In America e in Gran Bretagna, possiamo notare analogie nella voglia di troncare nettamente il filo conduttore con il passato per dare una svolta decisa al presente e al futuro, affidandosi ananniversario costo di affidarsi a personaggi del panorama politico accusati di fare pura demagogia, come Nigel Farage, ex leader dell’UKIP, e per l’appunto Donald Trump. Molti altri sono gli stati in cui la destra sta emergendo – come non pensare alla Lega di Salvini o a Front National della Le Pen in Francia – e questi recenti risultati elettorali non fanno che porre grandi interrogativi sulla reale preparazione e sull’ideologia dell’opinione pubblica, sempre più portata a dare quel famoso voto “di pancia”, come emerso nel Regno Unito e nelle campagne statunitensi.

 
È l’inizio di un’era in cui sarà il populismo a fare da padrone? Possibile.

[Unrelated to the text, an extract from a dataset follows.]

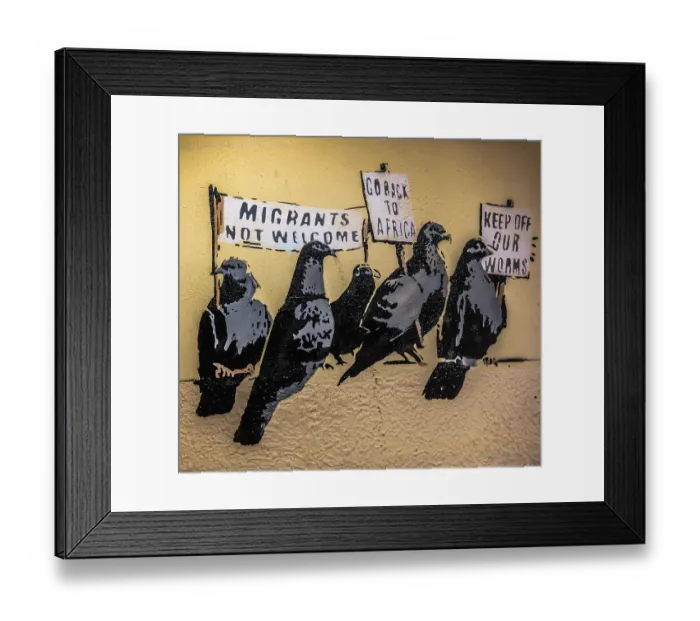 Framed Print : Banksy - Anti-Immigration Birds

È il momento di ridimensionare la validità delle previsioni di sondaggisti e giornalisti in generale? Probabile.
Certo è che il mondo femminile si trova bloccato ancora una volta sotto il “tetto di cristallo”, quella condizione di estrema vicinanza ma anche di impossibilità a raggiungere una posizione di comando, anche se la colpa si può identificare proprio nell’elettorato femminile di Trump.
Un’altra certezza fornita da queste elezioni è la scarsa affluenza degli americani al voto, stavolta decisiva e ferma vicino al 50%, davvero troppo bassa per un popolo che fa del patriottismo la sua bandiera”.